Südlich des Tiefkühllagers, welches den Verwaltungsbereich überragt, wird auf der Dachfläche des Verwaltungsbereiches ein Technikbereich untergebracht, in welchem die erforderlichen Aggregate situiert werden.
Im Zuge dieser Erweiterung wird die bestehende Heizungszentrale (ölbefeuert) erneuert und auf einen anderen Energieträger (Erdgas) umgestellt. Weiters wird die Betriebstankstelle aufgelassen, der Lagerbehälter entsprechend entfernt.
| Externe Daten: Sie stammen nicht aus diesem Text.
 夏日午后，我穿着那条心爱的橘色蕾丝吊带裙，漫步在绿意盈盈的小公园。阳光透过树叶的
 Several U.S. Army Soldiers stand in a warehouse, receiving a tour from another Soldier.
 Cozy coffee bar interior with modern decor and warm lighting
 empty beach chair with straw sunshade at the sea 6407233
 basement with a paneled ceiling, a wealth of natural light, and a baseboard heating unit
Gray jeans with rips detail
Nach Durchführung einer mündlichen Verhandlung, in deren Rahmen Nachbarn Einwendungen erhoben haben, erließ die Bezirkshauptmannschaft Innsbruck den mit 20.07.2006 datierten und nunmehr angefochtenen gewerbebehördlichen Genehmigungsbescheid.
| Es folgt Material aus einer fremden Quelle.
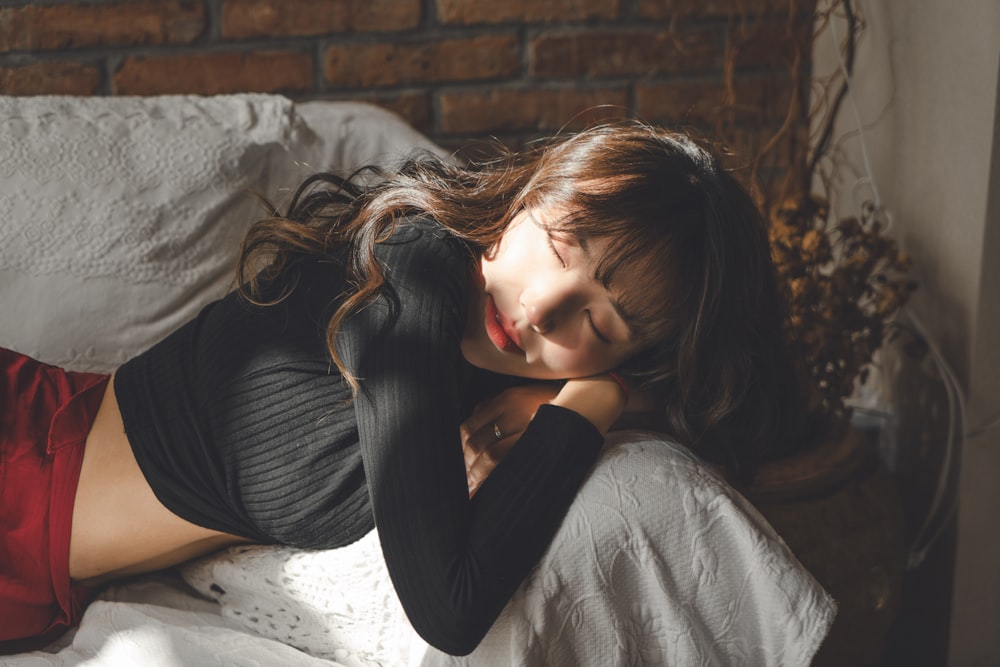 a woman laying on top of a bed next to a brick wall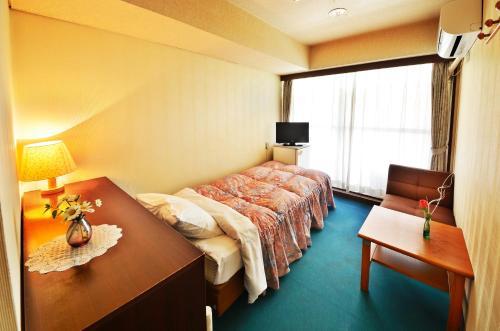 a hotel room with a bed and a desk at Sunriver Oboke in Miyoshi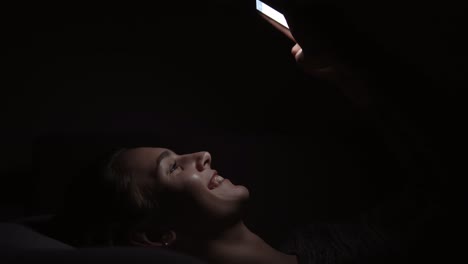 young smiling woman laying on a couch and using her phone in a dark room, chatting in the darkness with smartphone, communicating with friends online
Gegen diesen Bescheid haben Herr J. B., Frau M. B., Herr M. B., sowie Frau B. B., alle wohnhaft XY-Straße 16, M., rechtzeitig und zulässig Berufung erhoben und darin, das gegenständliche Verfahren betreffend, ua vorgebracht, ?dass die gegenständliche Erweiterung, insbesondere die beantragten Änderungen, zu einer Belästigung für sie führen. Speziell die Änderungen bei der Tiefgarage, welche zwar von ursprüngliche 79 auf ca 40 Stellplätze verkleinert wurde, führen durch eine wesentlich näher zum Haus der Berufungswerber situierte Fortluft, zu vermehrten Schadstoffimmissionen. Des Weiteren würde der Technikraum, in welchen die Kühlaggregate untergebracht sind, das Tiefkühllager entgegen der technischen Beschreibung überragen und es damit zu erhöhten Lärmbelästigungen kommen.? Frau R. E. brachte in ihrer Berufung zusammenfassend vor, ihre Forderung, dass das Fahrverbot auf der L. W. Straße aufrecht bleiben müsse, sei im Bescheid als unbegründet abgewiesen worden.
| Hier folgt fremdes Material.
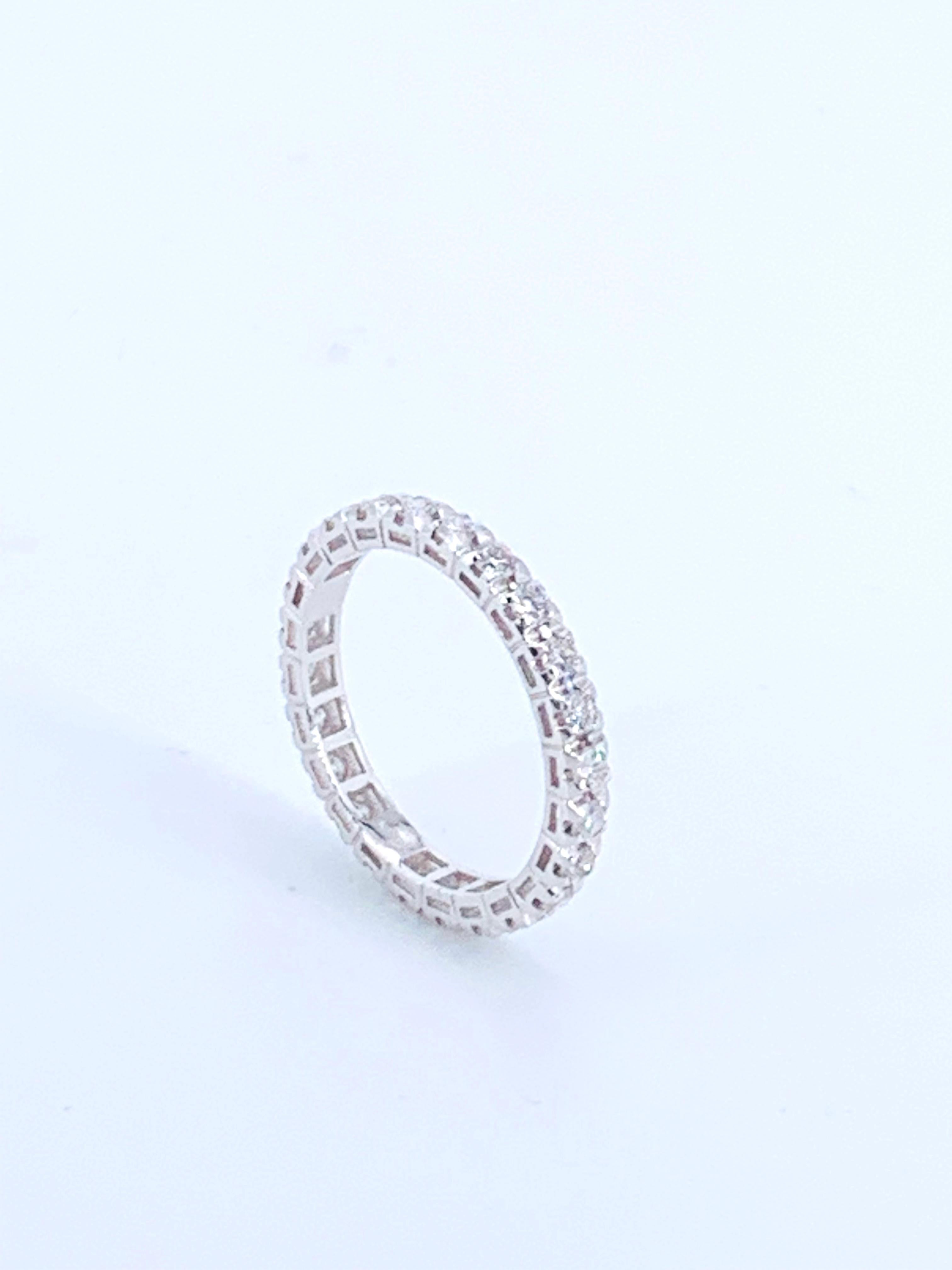 This 0.83 Carat Diamond Eternity Ring is of a fabulous quality and size for either a man or woman. 

It sparkles beautiful natural Diamonds throughout the ring, gifting light and beauty to the finger from every angle. 

Set in 18Kt white Gold it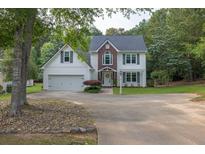 Charming two-story home features a two-car garage, well-manicured lawn, and a classic white and brick facade at 2101 Emerald Dr, Loganville, GA 30052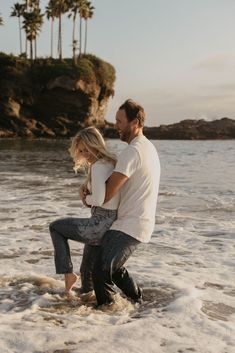 a man and woman are standing in the water at the beach with palm trees behind them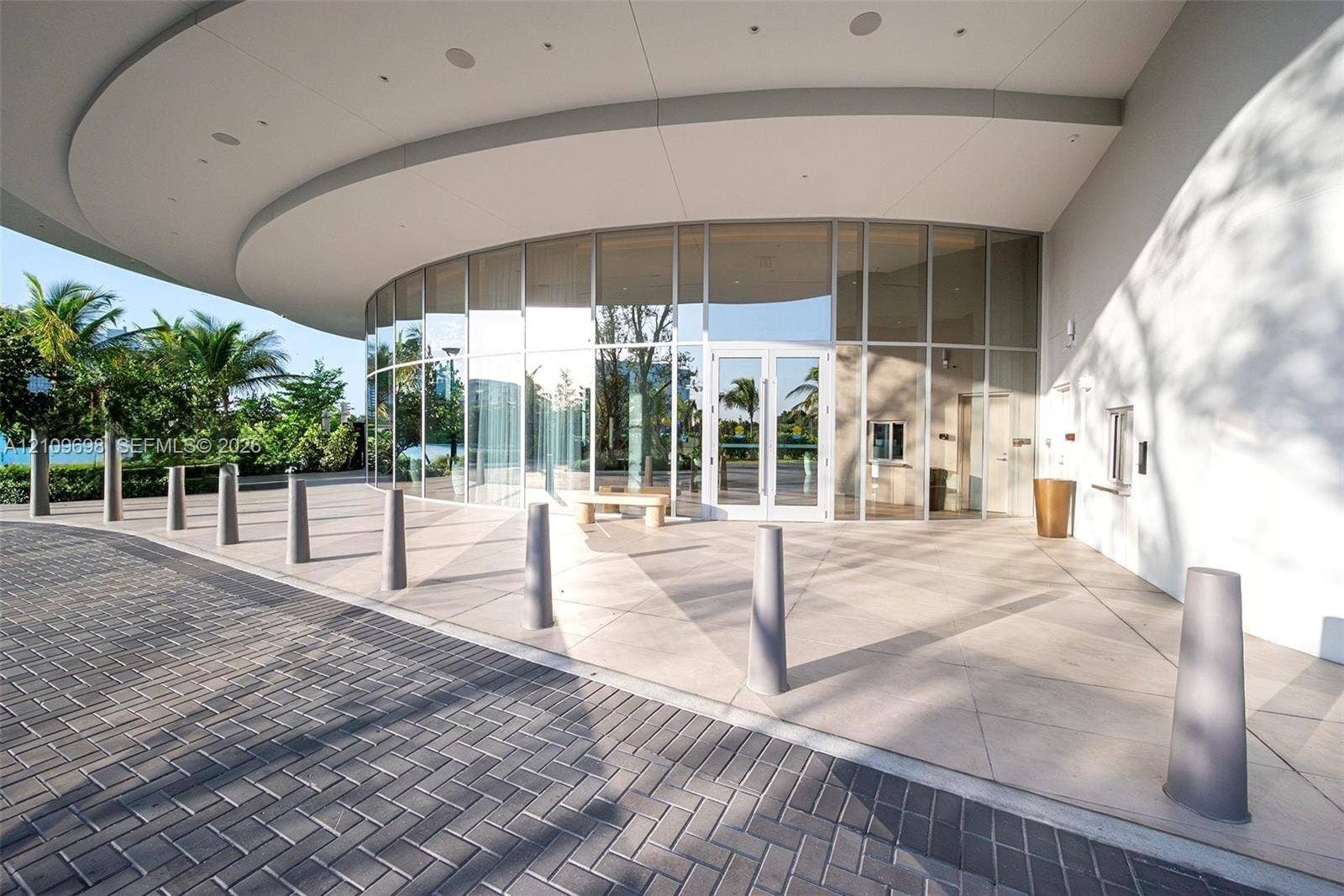 2411 Laguna Circle, #810, North Miami, FL 33181 Curved glass faade featuring floor-to-ceiling windows and a deep structural overhang, complemented by a herringbone-patterned paver driveway and a wide concrete pedestrian plaza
Der Unabhängige Verwaltungssenat in Tirol hat wie folgt erwogen:
Die Zuständigkeit des Unabhängigen Verwaltungssenates in Tirol zur Entscheidung über Berufungen in Verfahren betreffend Betriebsanlagen ergibt sich aus § 359a GewO 1994.
Nach § 66 Abs 4 AVG hat die Berufungsbehörde außer dem in Abs 2 erwähnten Fall, sofern die Berufung nicht als unzulässig oder verspätet zurückzuweisen ist, immer in der Sache selbst zu entscheiden. Sie ist berechtigt, sowohl im Spruch als auch hinsichtlich der Begründung (§ 60) ihre Anschauung an die Stelle jener der Unterbehörde zu setzen und demgemäß den angefochtenen Bescheid nach jeder Richtung abzuändern.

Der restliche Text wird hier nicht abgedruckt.